Souvent, on interprète les tableaux sans savoir ce qu’en disent les artistes eux-mêmes. Quand on cherche à partir de ce tableau, on trouve un premier indice. La Revue Blanche, dans son Tome IX du deuxième semestre 1895, publie ceci, de Munch :
Lisant ce texticule, nous effectuons tout de suite une sorte de recul par rapport à ce que nous voyons, et croyions avoir toujours vu, nous posant cette question : De qui est ce cri ? Qui crie ? La nature ?
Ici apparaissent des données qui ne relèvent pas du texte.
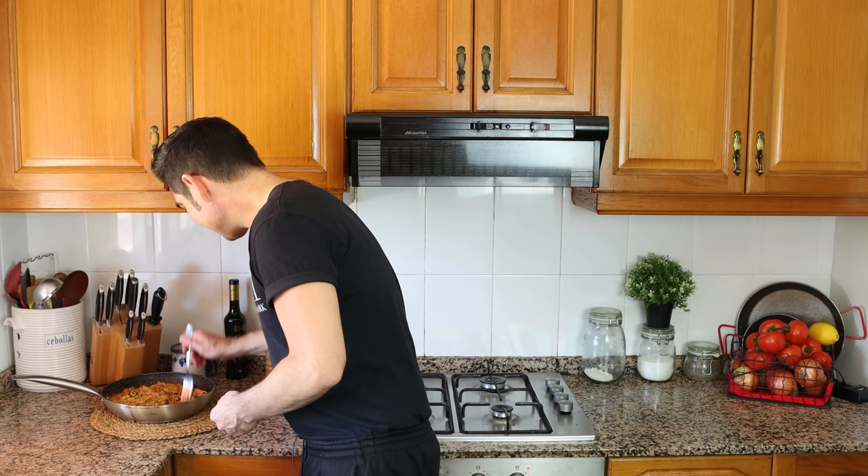Alright folks, time for the moment of truth — let's see how this pasta dish turned out. Big bite, here we go. I think I'm just going to say it: this is possibly my favorite pasta dish out there, because it's got so many great flavors and that creamy texture with the Greek yogurt takes it to the next level. You saw how easy it is to make — all done using just one pan and coming together in just 30 minutes. Give this pasta dish a try at home; you are going to absolutely love it.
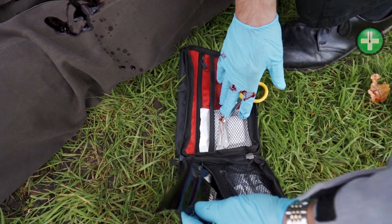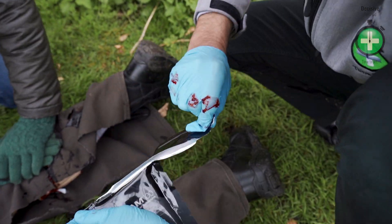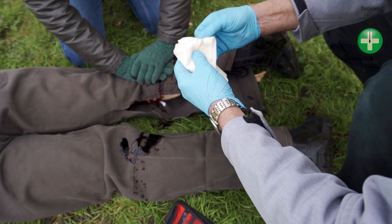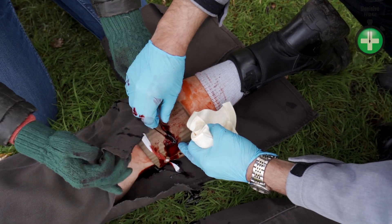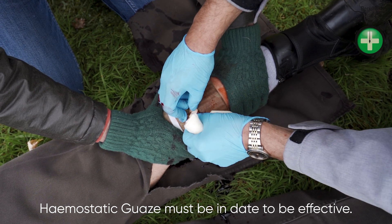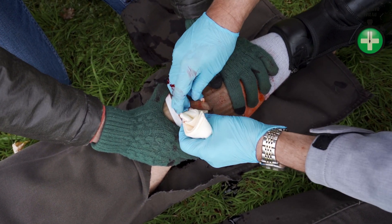Cliff, I'm getting out the haemostatic gauze — I'm just tearing away the packaging and pulling it out. I'm ready. Take your hands away. Let's look at the big open wound. There it is. I'm going to feed this dressing in, forming a plug with it. Get that into the wound.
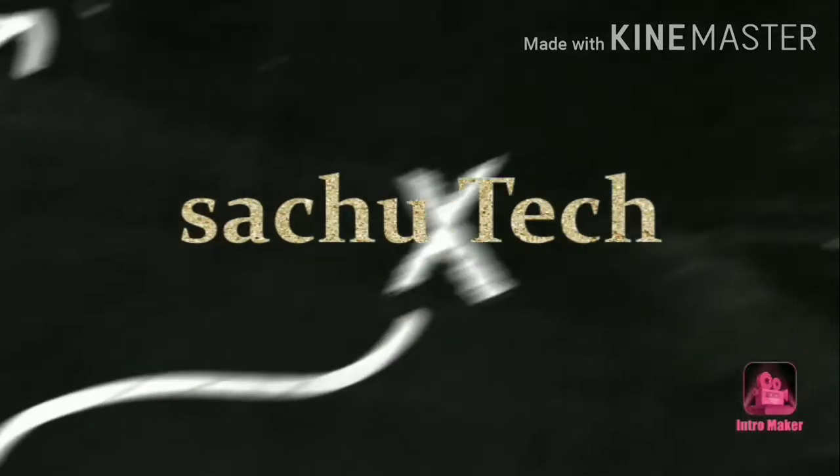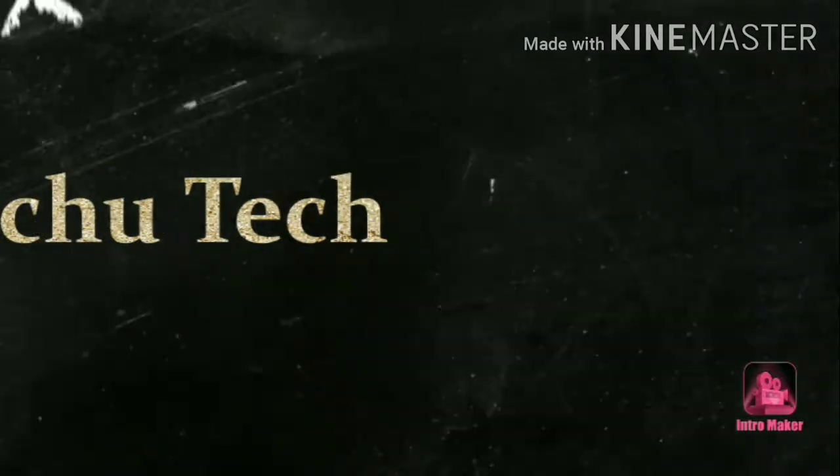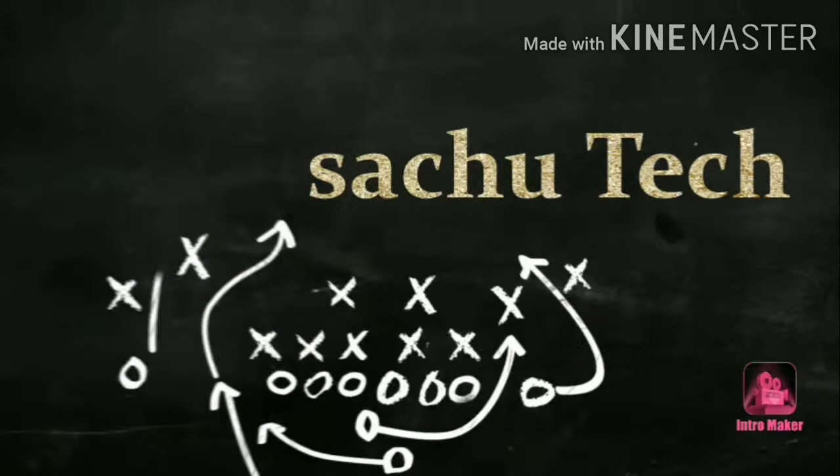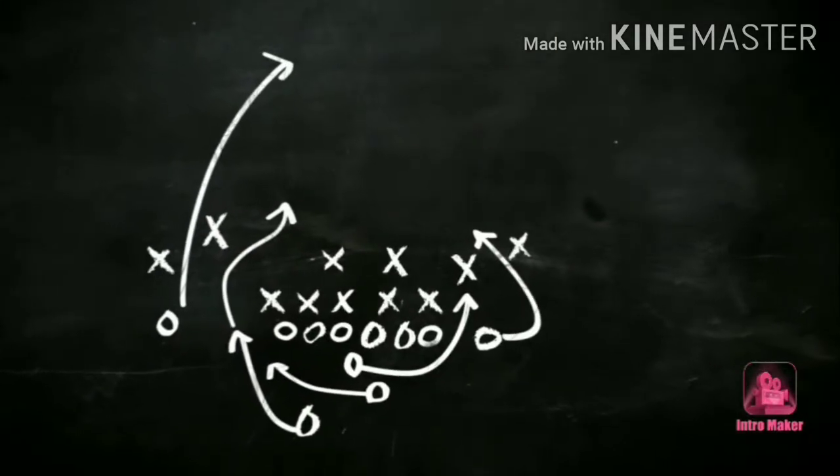Hello guys, I'm going to show you how to get better fish in this video.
Dans son Journal, Munch y revient :
Il vaut la peine de traduire (pour ma part, de l’anglais), mais je vais remplacer la versification par un double slash :
Un soir je marchais // sur un chemin vallonné // près de Kristiana [Ndt. Ancien nom d’Oslo] // avec deux // camarades. C’était // un temps quand la vie // avait déchiré // ouvert mon âme. // Le soleil descendait — avait // chuté dans les flammes // en dessous l’horizon. // C’était comme // une épée flamboyante // de sang tranchant à travers // le concave du paradis. // Le ciel était comme // du sang — tranché avec // des bandes de feu // — les collines ont viré // bleu profond // les fjords — coupés en // bleu froid, jaune et // en couleurs rouges — // L’explosant // rouge sanglant — sur // le chemin et la rambarde // — mes amis ont viré // au jaune blanc flagrant — // — J’ai senti // un grand cri // — et j’ai entendu, // oui, un grand // cri / les couleurs de // la nature se sont brisées // — les lignes et couleurs // ont vibré en mouvement // — ces oscillations de vie // ont produit non pas seulement // des oscillations dans mes yeux, // elles ont mis aussi mes // oreilles en oscillations — // donc j’ai vraiment entendu // un cri — // j’ai peint // alors le tableau le Cri.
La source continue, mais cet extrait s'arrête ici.